Pictures with short captions
====

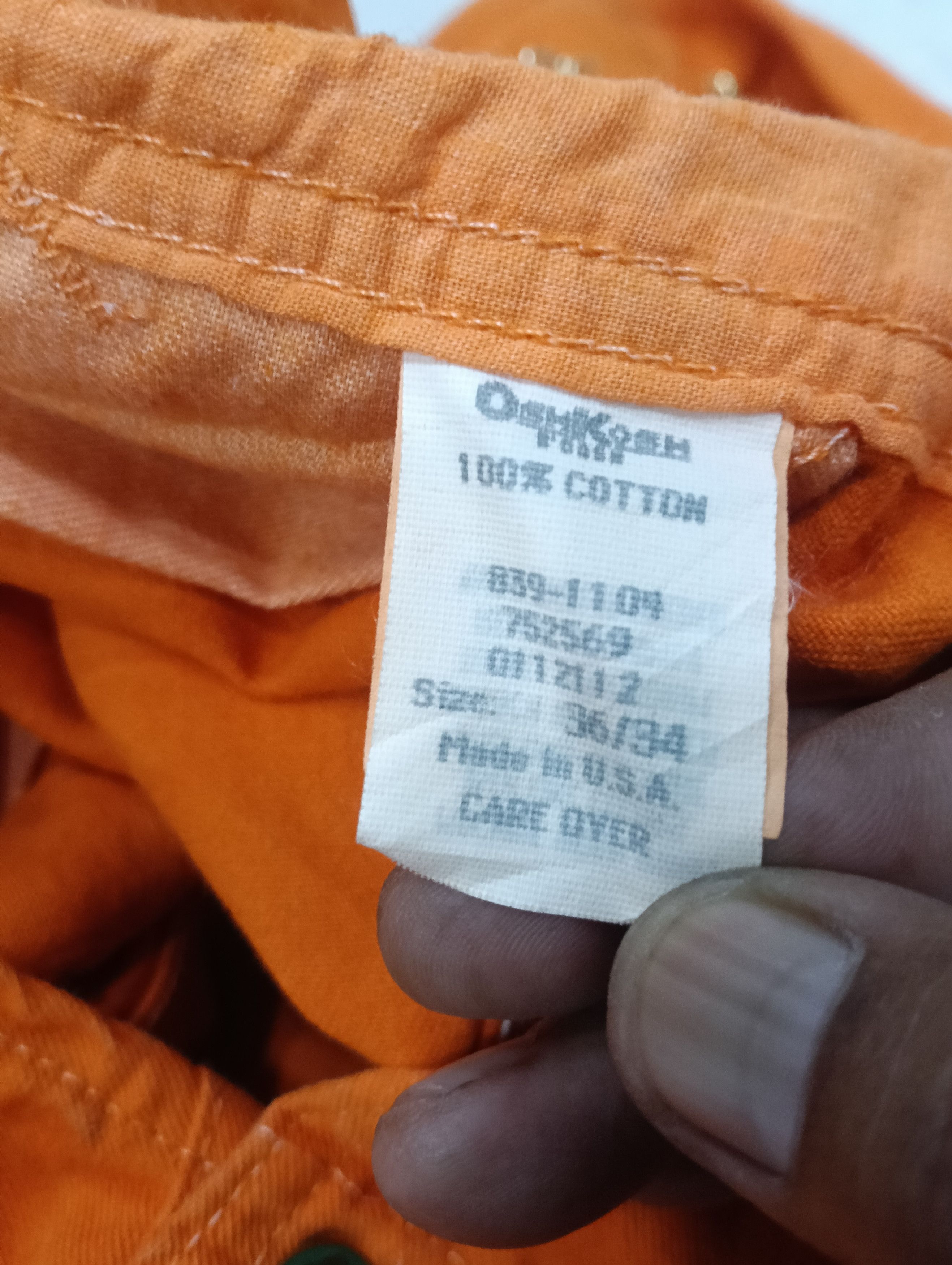 Oshkosh Vintage Oshkosh Overall Size US 39 - 10 Thumbnail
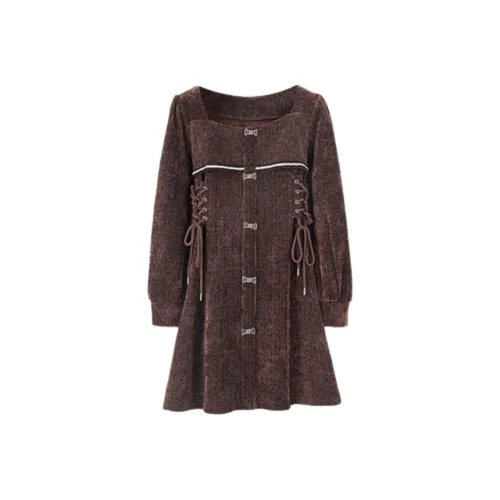 KEAB Длинное платье с длинными рукавами женское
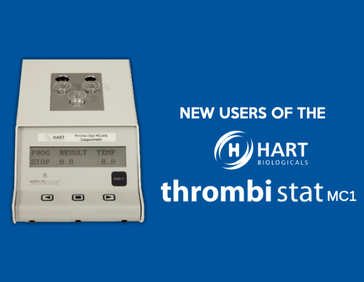 New users of the Hart Biologicals Thrombistat MC1WB System Image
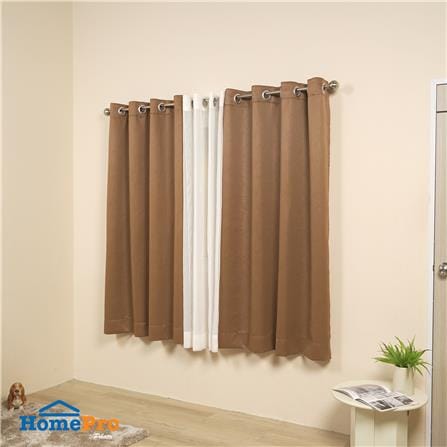 ผ้าม่าน EYELET HOME LIVING STYLE CURVE UV 140x160 ซม. สีน้ำตาล_4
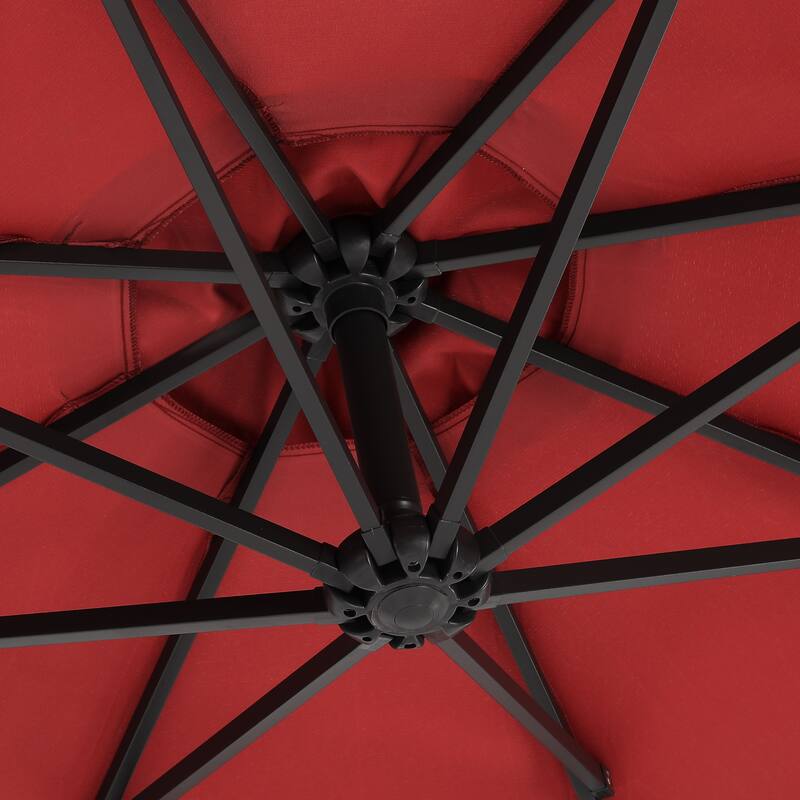 Weller 10-foot Offset Cantilever Hanging Patio Umbrella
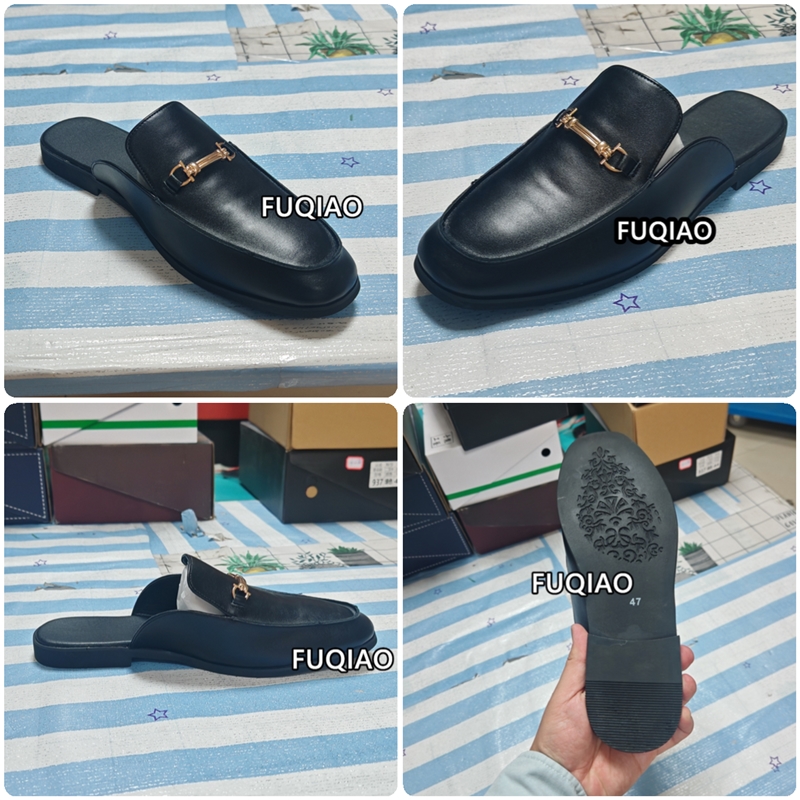 Casual Mules Men Leather Loafe - огляд і ціна Suede Loafers Men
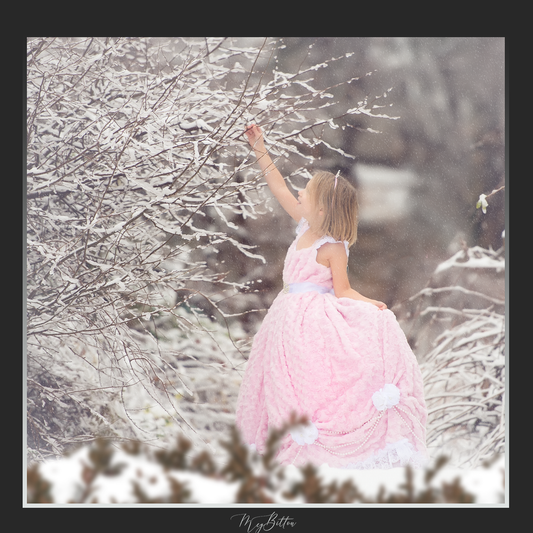 Magical Shoot Through - Snow Covered Bushes - Meg Bitton Productions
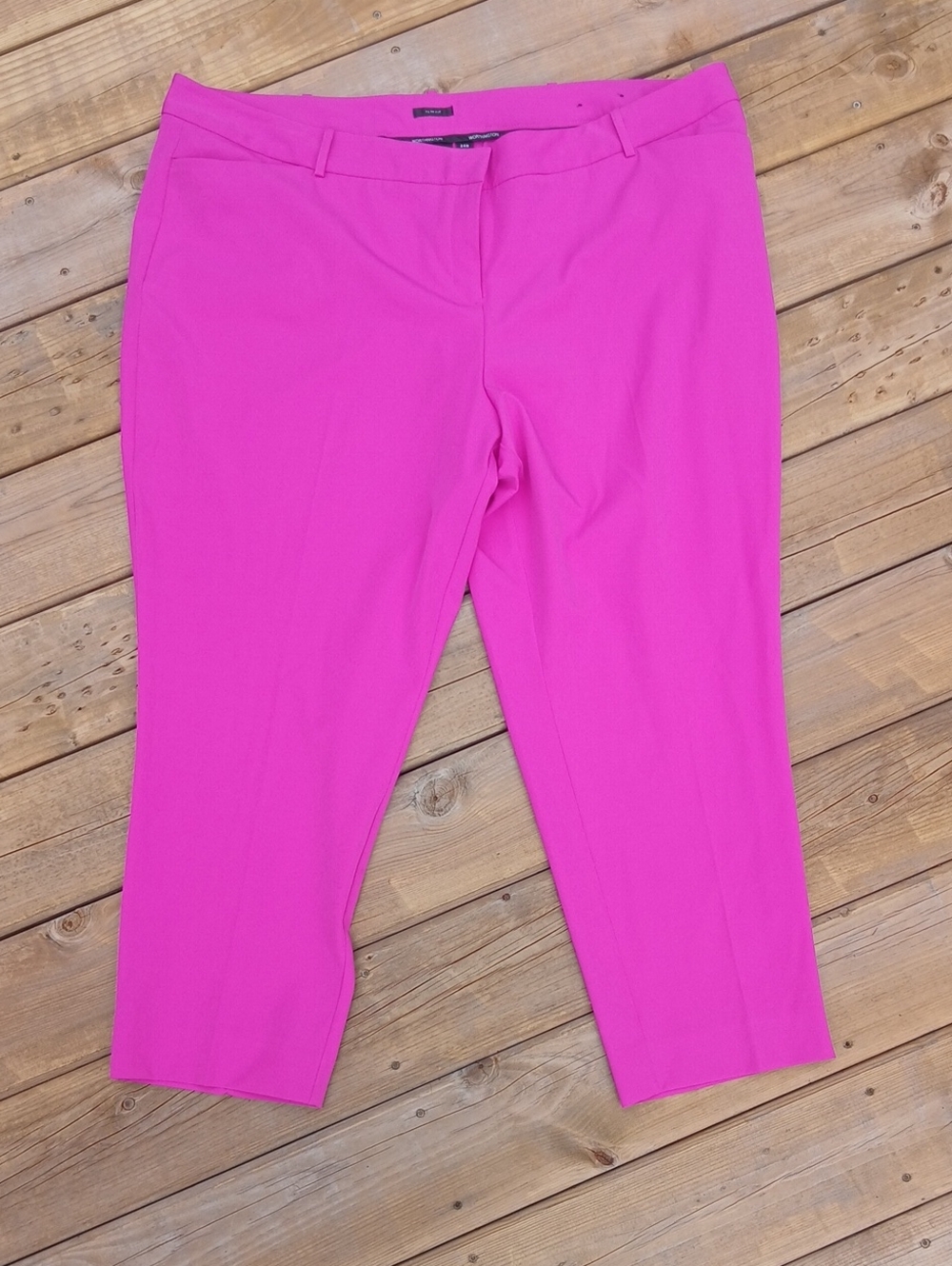24W Bright Pink Dress Slacks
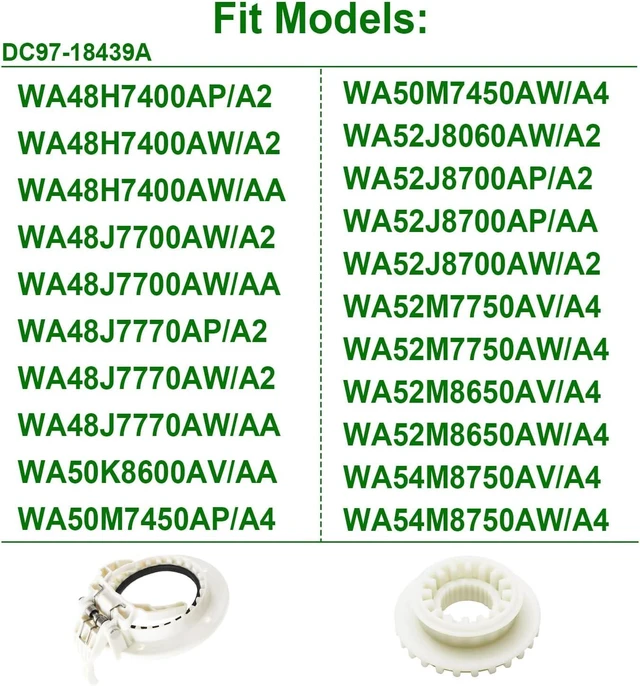 Alt view image 3 of 7 - Washer Clutch Gear Coupling Replace dc97-18439a 1pcs Clutch Gear and 1pcs Clutch Gear Part clutch gear and Washer Clutch Gear Part Fit For samsung washer clutch WA54M8750AV/A4 WA54M8750AW/A4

====

Problem: Treating the line with "Weller 10-foot Offset" as the last line to include, retype the records exactly from their first line, excluding pictures.

Solution to this problem:
 Oshkosh Vintage Oshkosh Overall Size US 39 - 10 Thumbnail
 KEAB Длинное платье с длинными рукавами женское
 New users of the Hart Biologicals Thrombistat MC1WB System Image
 ผ้าม่าน EYELET HOME LIVING STYLE CURVE UV 140x160 ซม. สีน้ำตาล_4
 Weller 10-foot Offset Cantilever Hanging Patio Umbrella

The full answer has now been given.